## WORK ORDER
From top to bottom, write out the listing exactly and skip every picture.

## PROVIDED MATERIAL
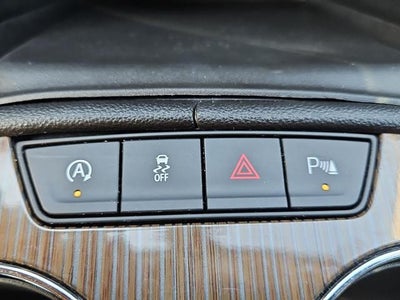 2020 GMC Acadia SLE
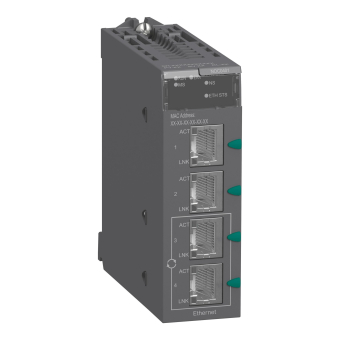 Schneider Ethernet-Modul M340 BMXNOC0401 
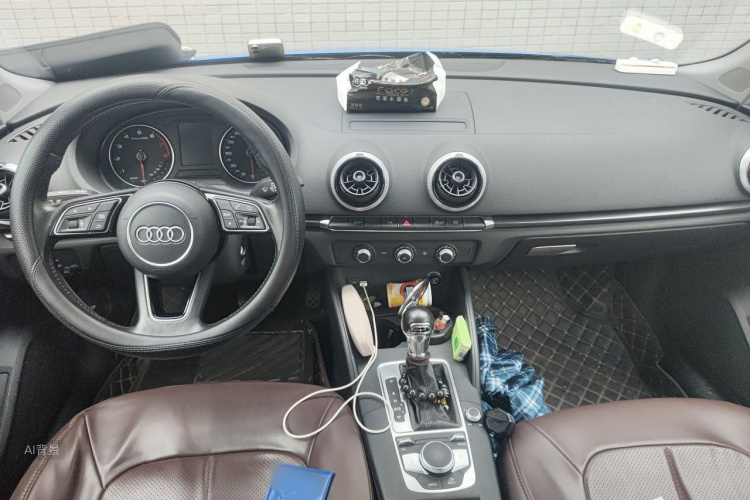 Audi A3 2019 #11 Audi A3 2019 car image #11
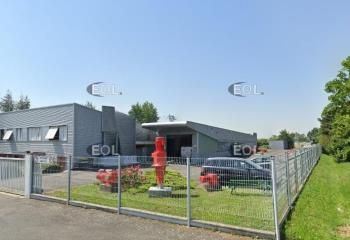 Bâtiment d'activité à vendre Verneuil-l'Étang - Proximité N4 et A5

## WRITTEN RESPONSE
 2020 GMC Acadia SLE
 Schneider Ethernet-Modul M340 BMXNOC0401 
 Audi A3 2019 #11 Audi A3 2019 car image #11
 Bâtiment d'activité à vendre Verneuil-l'Étang - Proximité N4 et A5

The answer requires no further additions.